Edmund Griffith (1570–1637) was a Welsh bishop of Bangor.

==Life==
Griffith was born in Lleyn, the promontory of Carnarvonshire, the fourth son of Gruffydd ab Sion Gruffydd of Cevnamlwch. His mother was Catrin, the daughter of Sir Richard Bulkeley of Baron Hill, Anglesey.
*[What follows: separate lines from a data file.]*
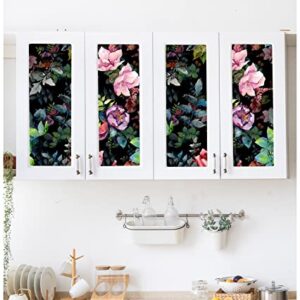 HAOKHOME 93153 Wild Spring Peel and Stick Wallpaper Bouquet Botanical Floral Black/Green/Pink Removable Stick on Home Decor 17.7in x 118in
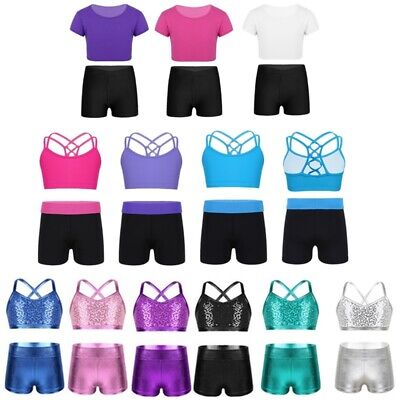 Kids Girls Athletic Outfit Crop Top Booty Shorts Bottoms Gymnastics Dance Sports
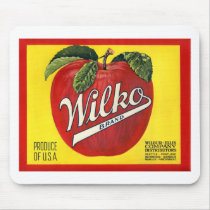 Wilko Brand Apples Vintage Label mousepads by scenesfromthepast Wilko Brand Apples Vintage Label mousepads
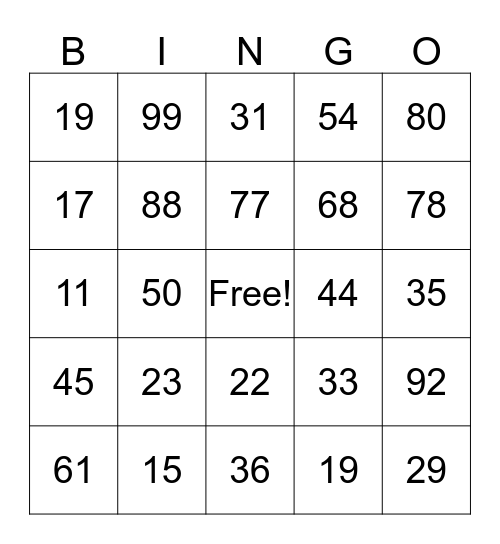 Place Value Bingo Card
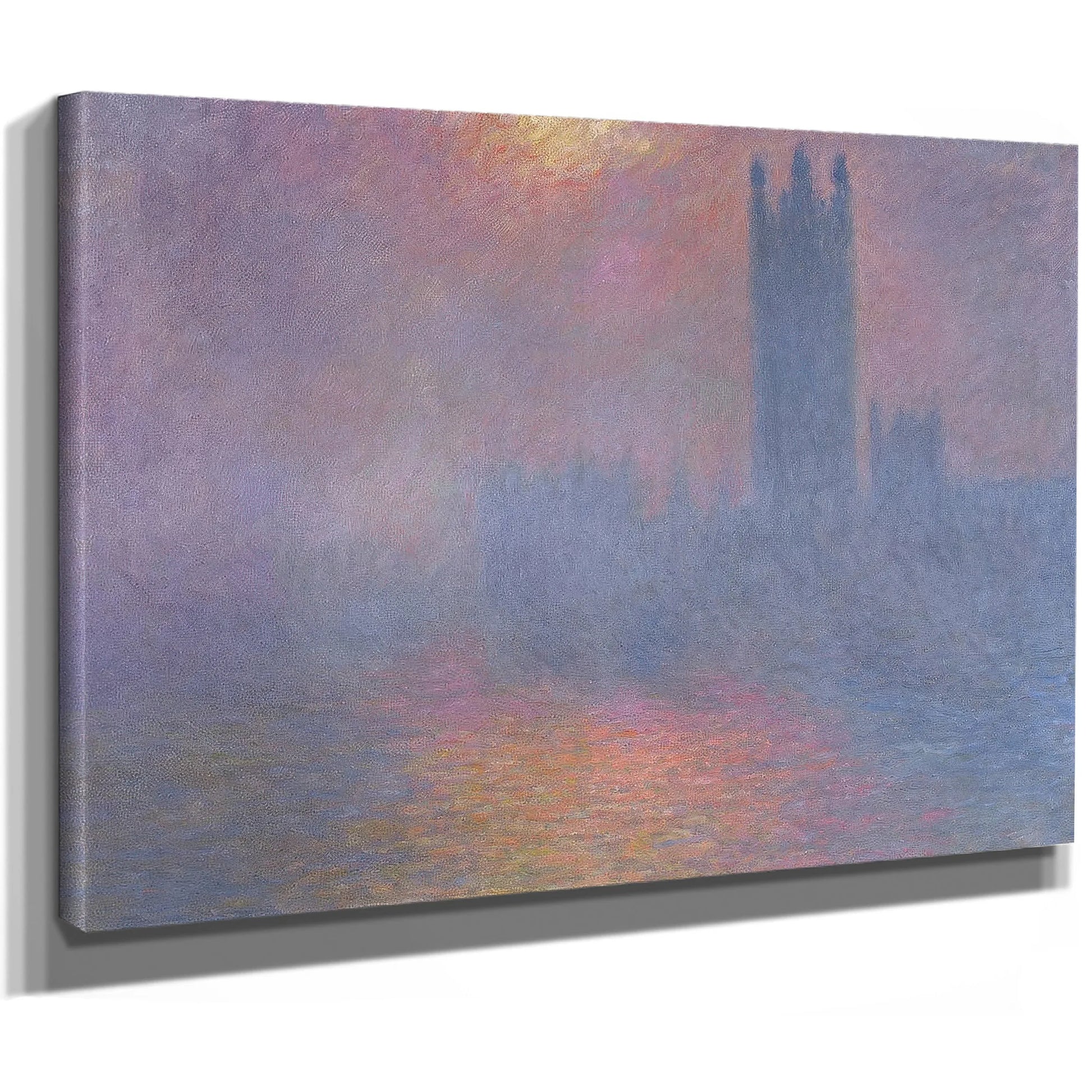 The Houses Of Parliament, London, With The Sun Breaking Through The Fog By Claude Monet Fine Art Print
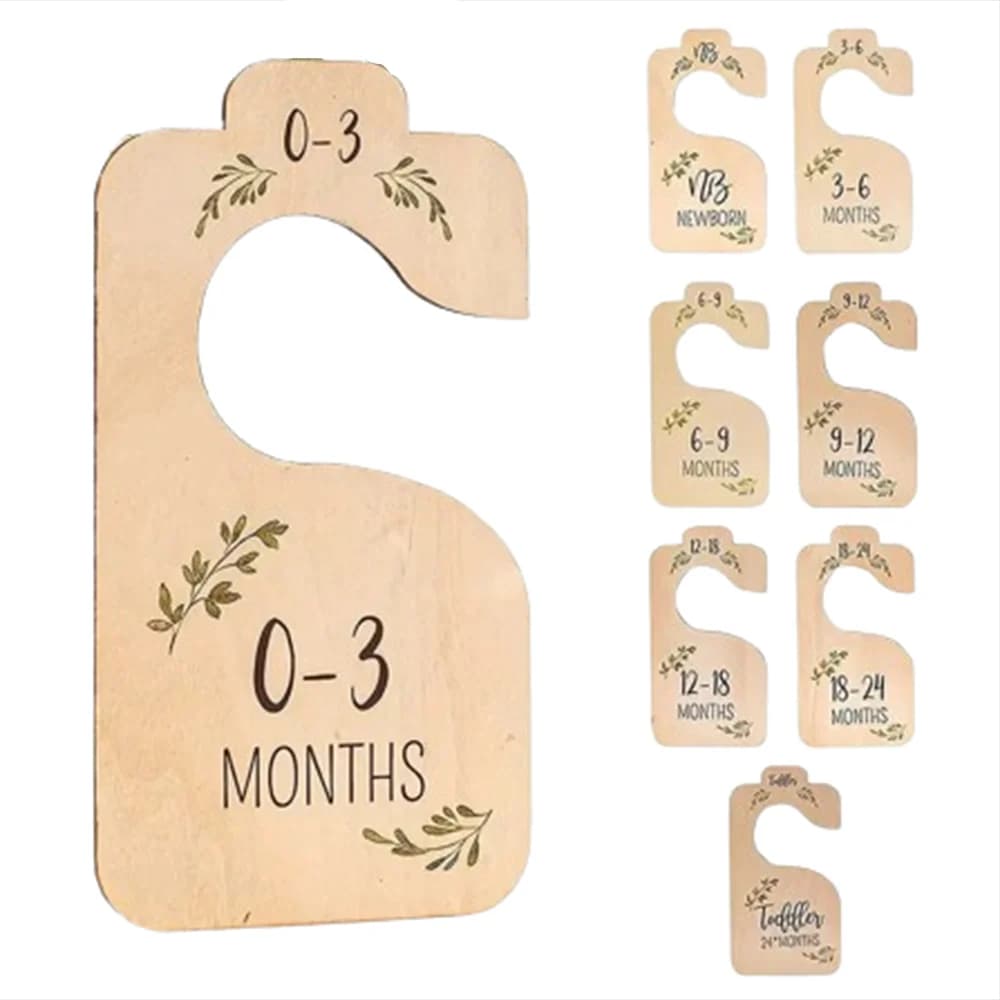 7/8 pieces partitions for wooden children's wardrobe assortment of hanging labels for children's wardrobe adorable hangers organizers of clothes for kindergarten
Griffith was admitted as an exhibitioner of Brasenose College, Oxford, on 8 April 1587, having been before, in Anthony Wood's opinion, of Jesus College. He proceeded M.A. in 1592. In 1599 he became rector of Llandwrog, in 1600 canon of Bangor, and in 1604 rector of Llanbedrog, both being in the diocese of Bangor. On 10 March 1605 he was instituted archdeacon of Bangor and then on 9 September 1613 dean of Bangor. On the death of Bishop David Dolben he was elected bishop of Bangor on 31 December 1633, confirmed on 12 February 1634, consecrated on 16 February 1634 at Lambeth by Archbishop William Laud, and enthroned on 14 April 1634. He died on 26 May 1637, and was buried in the choir of his cathedral.